THE WAY BACK ***1/2 (108 minutes) M
Doing battle with the demon drink is a theme that has long provided rich fodder for films, and it does so again in a moving tale of depression and redemption as an alcoholic is offered a shot of getting his shattered life back together.
The power of booze to derail a person’s future is vividly demonstrated through the sorry tale of Jack Cunningham (Ben Affleck). Once a promising high school basketballer, a family tragedy has driven him to the bottle, or rather the can, dozens of which fill up the shelves of his fridge.
A job in construction pays the bills but his family life is a mess. Estranged from his wife, his sister tries helping out, but she’s too often at the wrong end of his temper.

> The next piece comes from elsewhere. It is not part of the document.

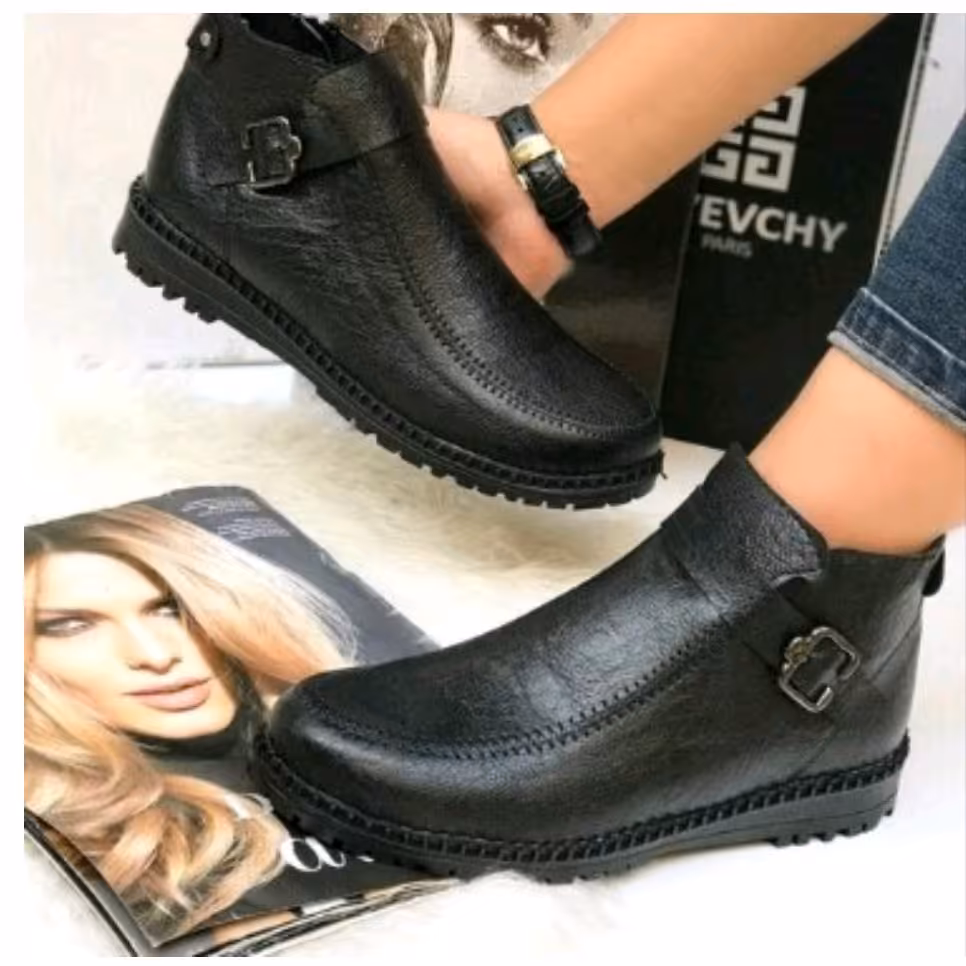 کفش  بسیار شیک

Out of the blue comes an offer to coach the basketball team at the Catholic school where he was a much-lauded champion, and where his name still festoons its trophy cabinets and walls. The sight of them once filled him with pride, now they fill him with the shame of wasted potential.
The school’s team did well for a few years after his departure but it’s now the loser of the league. The players are an undisciplined, unmotivated rabble in dire need of leadership and inspiration.
What better calling could Cunningham pray for to provide structure for his empty life and purpose for his bruised soul? And as life continually teaches us, who better to provide inspiration than somebody who needs it themselves? The sight of seeing people be inspired can itself be inspiring.
It’s a wobbly road for Cunningham, of course. His love of swearing is a prominent problem for his God-fearing, rule-loving supporters at the school who do their best to guide him on his road to victory.
Affleck has made no secret of his long-standing drinking problems and the experience seems to have informed his authentic, often ugly portrait of a man teetering on the event horizon of complete collapse. It’s a searing, raw performance, easily Affleck’s best since directing himself in 2012’s Oscar-winning Argo.
The film does have an unapologetically religious element, though director Gavin O’Connor (he did the sports films Miracle and Warrior, and directed Affleck in The Accountant) never pushes it beyond its proper place in the bigger drama of Cunningham’s quest for redemption.
The film falls squarely into the genre of value-added sports films where people “find” themselves through the revelatory rigours of competition.
Many of these films have spiritual elements – think Rocky, Chariots of Fire, Field of Dreams – with the message that all people, no matter how distressed, can be reached and redeemed.
The Way Back also belongs to that long line of noble films to tackle the destructive evils of alcoholism, the eternal – and oh-so-true – message being that there is no problem a person can have that can’t be made worse by trying to drink it away.
Hence, there is a degree of predictability to the film, its narrative contours holding fairly close to the conventions of the genres dealing with sport and alcohol.
This, however, does not detract from the gritty, honest quality of the film or from the veracity of the things it has to say about self-control, self-awareness and self-respect – those three things alcohol robs you of, as the history of booze-related films have explored over and over.